Opening Installation

Rodney Veal - "Seen/Unseen"

November 27 – December 3, 2010, Seen/Unseen with artist Rodney Veal

Friday, December 3, 2010, live performances at 7:00 and 8:00 PM, followed by artist/community conversation

Seen/Unseen is a media driven performance art installation that allows the audience to observe and interact with the work from a multiplicity of angles. It challenges patrons to really “see,” taking their participation out of passivity into active participation and engagement. When we can only see through a portal that is no larger than a peephole, what do we become as artists and audience?

Using video/sound collage and performance, independent choreographer/media artist Rodney Veal, hopes to challenge the viewers to “see” the unseen power they posses to impact and change how the performance unfolds, and ultimately how they engage with others. Seen/Unseen, ruminations on life, death and race, will only exist in the ephemeral state in which all performances exist with only the documentation serving as the finished work of art.

Upcoming Artists

December/January: Issa Randall, Dayton

January/February: Leigh Waltz, Miamisburg

About the Collaborators

Founded in 2008, Gallery 510 Fine Art has developed into a showcase for contemporary art and fine crafts with a focus on local emerging and established artists.  The gallery collection features paintings, drawings, linocuts, ceramics, fiber, wood, art glass and jewelry.  We endeavor to attract and include those new to the contemporary art scene, as well as serve knowledgeable collectors.  The gallery is located in the heart of the Historic Oregon District in Dayton, Ohio.

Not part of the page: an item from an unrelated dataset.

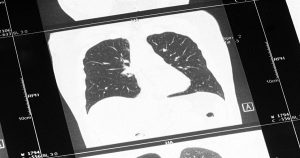 Ảnh hưởng của bệnh Lupus ban đỏ hệ thống đến phổi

Involvement Advocacy, a 501(c)3 not-for-profit corporation, is committed to strengthening the Dayton region by acting as a catalyst for imaginative, entrepreneurial, community-driven solutions to pressing social, economic and civic challenges. These collaborative solutions will include citizen, government, business, institutional, organizational and philanthropic players. Involvement Advocacy’s principle program is Blue Sky Project, (www.blueskydayton.org), a juried, international summer artist residency committed to producing ambitious and meaningful works of contemporary art. It includes a strong youth development component and an emphasis on art making as community-building. The organization was also the originator of the 2009 Ten Living Cities Symposium, a response to the Forbes America’s Ten Fastest Dying Cites list.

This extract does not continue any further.